___ DATA FOR THIS EXERCISE ___
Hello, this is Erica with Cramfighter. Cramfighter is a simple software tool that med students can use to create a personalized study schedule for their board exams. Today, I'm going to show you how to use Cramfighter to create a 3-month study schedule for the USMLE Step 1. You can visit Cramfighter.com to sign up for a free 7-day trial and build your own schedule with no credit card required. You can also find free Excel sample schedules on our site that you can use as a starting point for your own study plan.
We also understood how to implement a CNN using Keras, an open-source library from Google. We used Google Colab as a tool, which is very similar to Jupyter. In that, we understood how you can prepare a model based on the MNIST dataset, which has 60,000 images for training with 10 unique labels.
___
___ DATA FOR THIS EXERCISE ___
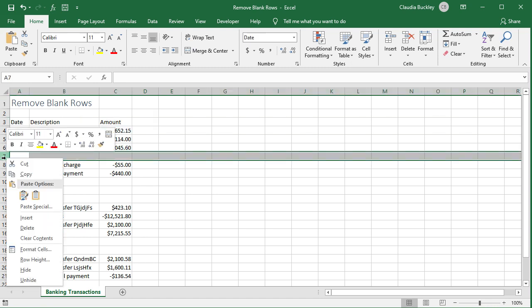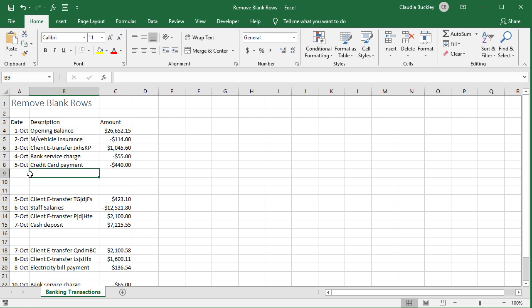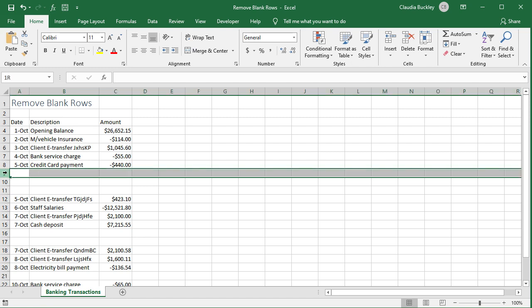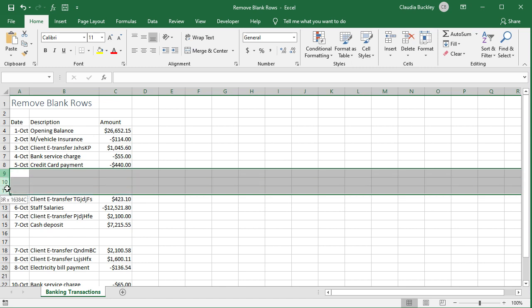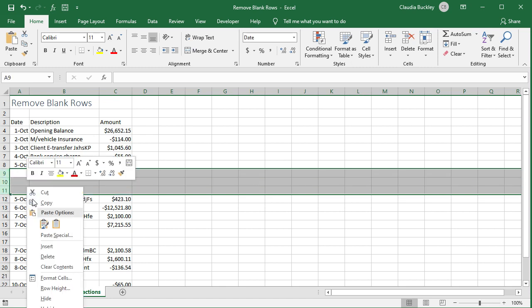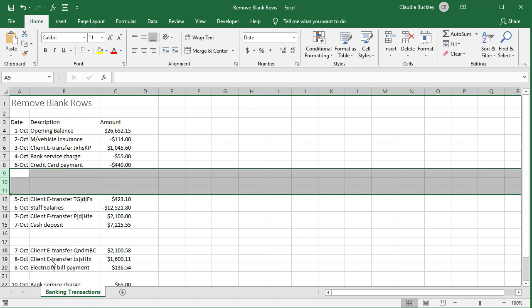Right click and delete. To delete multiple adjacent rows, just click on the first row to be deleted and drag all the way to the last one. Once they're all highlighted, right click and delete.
___
- [PROBLEM REQUIREMENTS]: Transcribe the records above exactly, beginning at the line that contains "Hello, this is" and ending with the line that contains "We also understood", both included, and nothing else.

- [SOLUTION TO THIS TASK]:
Hello, this is Erica with Cramfighter. Cramfighter is a simple software tool that med students can use to create a personalized study schedule for their board exams. Today, I'm going to show you how to use Cramfighter to create a 3-month study schedule for the USMLE Step 1. You can visit Cramfighter.com to sign up for a free 7-day trial and build your own schedule with no credit card required. You can also find free Excel sample schedules on our site that you can use as a starting point for your own study plan.
We also understood how to implement a CNN using Keras, an open-source library from Google. We used Google Colab as a tool, which is very similar to Jupyter. In that, we understood how you can prepare a model based on the MNIST dataset, which has 60,000 images for training with 10 unique labels.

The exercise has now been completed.